I am pleased to have the opportunity to rise to speak and make a contribution to debate on this very significant piece of legislation, the Crimes Legislation Amendment (Economic Disruption) Bill 2020. I flag that I will be putting before the House a second reading amendment. I want to acknowledge that this is obviously a bill that exists in a much wider context. Indeed, legislation covering similar ground came before the House recently as part of a package of reforms which go back quite some time. These reforms are a part of Australia's engagement with very significant international efforts to combat money laundering, recognising its awful consequences domestically, in terms of criminal activity and terrorism financing.

The amendments in this bill adapt and update money-laundering offences to combat the modern networks, the evolving networks. I guess this is one of those areas where governments here and governments internationally have to be extremely agile in responding to a constantly evolving series of threats and challenges. Those modern money-laundering networks need to have a modern and robust legislative response if we are to engage with the great ill that they do to our society. The changes also go to asset confiscation laws and would enable us to strengthen those undercover operations which are so necessary. I will go through some of these reforms in more detailed remarks, but I just wanted to acknowledge a couple of things first, if I may.

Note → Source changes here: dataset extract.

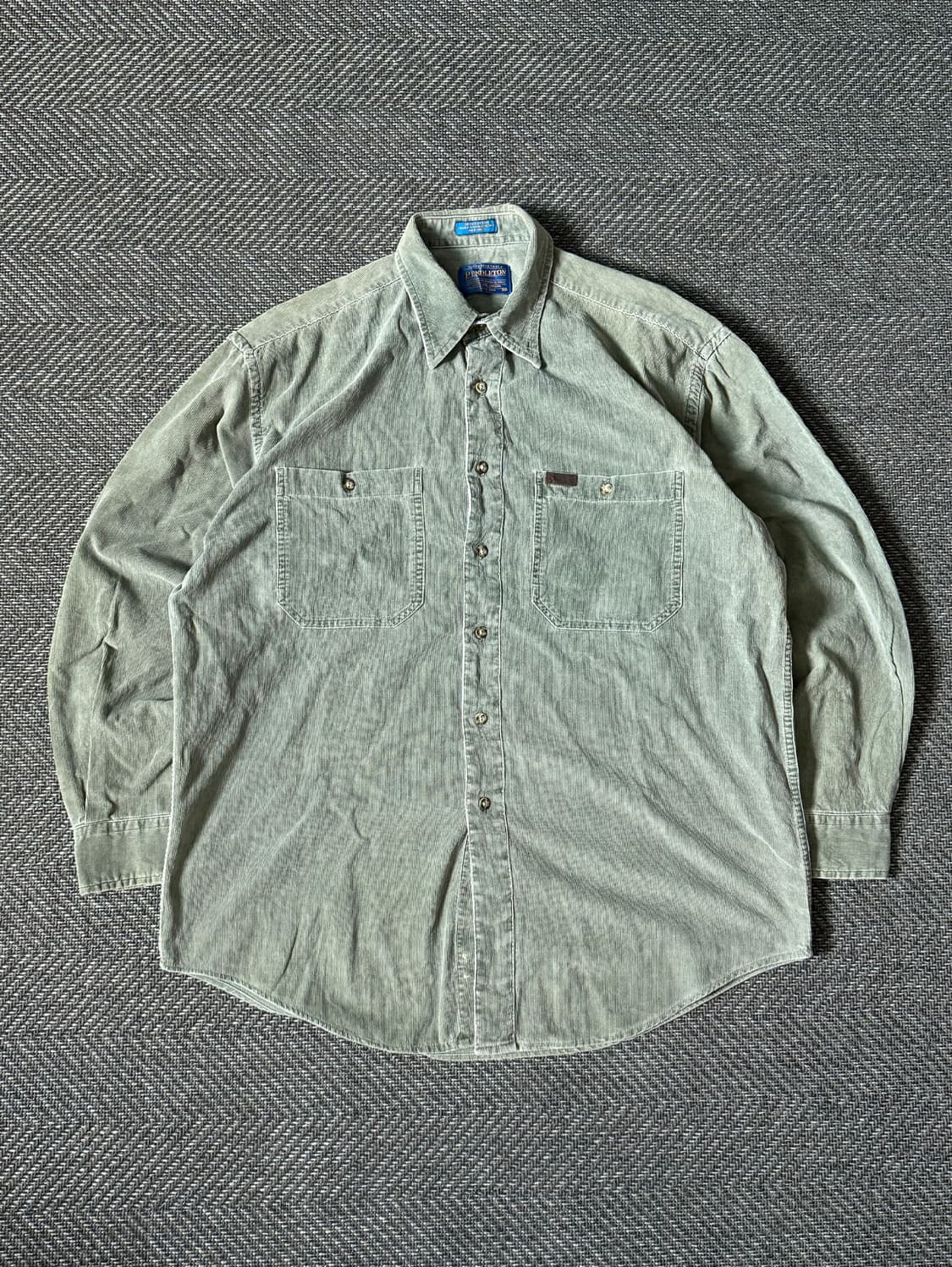 펜들턴 세이지 그린 투포켓 코듀로이 셔츠 (105-108) 상품이미지1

Firstly, the nature of legislation such as this is that it often involves some quite technical provisions and it shows the importance of due consideration to reforms—agreed reforms, bipartisan reforms—ensuring that they are entirely fit for purpose, particularly when there are some additional powers being conferred, as is the case here. I am grateful for the work of all members of the Senate's Legal and Constitutional Affairs Legislation Committee for applying their scrutiny to these provisions, as they have done to similar provisions of related legislation. I found two submissions of particular interest, and I want to raise them in my contributions before the House.

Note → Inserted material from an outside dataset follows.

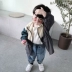 Áo khoác bé trai mùa xuân và mẫu mùa thu 2019 phiên bản Hàn Quốc mới của bé phối màu áo khoác trẻ em áo nước ngoài thủy triều - Áo khoác áo phao cho bé trai Áo khoác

I want to acknowledge the longstanding work of the Synod of Victoria and Tasmania of the Uniting Church in Australia, who have had a deep interest in this matter and many other issues of social and economic justice in Australia. The submission notes the longstanding interest they have had in the need to reduce money laundering in Australia and, of course, globally. They have obviously made a substantial contribution to advancing that debate here. They note:

Corruption and money laundering do real harm to people, holds back development and undermines confidence in government and public institutions.

The synod resolved to prosecute the case in that context. That's a call that I am keen to respond to in this place. The submission also notes:

Successive Australian Governments—

I know that this is a deeply bipartisan concern—

have signed up to international standards committing to assist with global efforts to recover stolen assets shifted across borders.

The commitments that we have made in these forums mean that this parliament needs to put in place laws that are fit for purpose to give effect to those commitments and give effect to international arrangements, such as the UN Convention against Corruption, to which Australia is a party, and the 2015 Addis Ababa Action Agenda on Financing for Development.

These are matters which are also traversed in the Sustainable Development Goals and the work that has been done by the High-Level Panel on International Financial Accountability, Transparency and Integrity for Achieving the 2030 Agenda, which has been looking at these issues. They have noted in an interim report that was released only this year:

Cooperation on confiscating and returning the proceeds of corruption is far from effective. The process remains extremely burdensome and lengthy for countries that saw their resources drained—especially those that are seeking to recover assets stolen by formerly entrenched kleptocratic rulers.

This is part of the challenge we are responding to. We have to acknowledge that Australia is home to stolen assets that have been shifted across borders. The Australian Federal Police reported they have restrained more than $250 million in criminal assets in courts across Australia and overseas in the last financial year—assets that make many forms, which again goes to the complexity of the challenge. I put these matters before the House before turning to detail because I think it's very easy to look at the technical provisions of this bill without having regard to the context.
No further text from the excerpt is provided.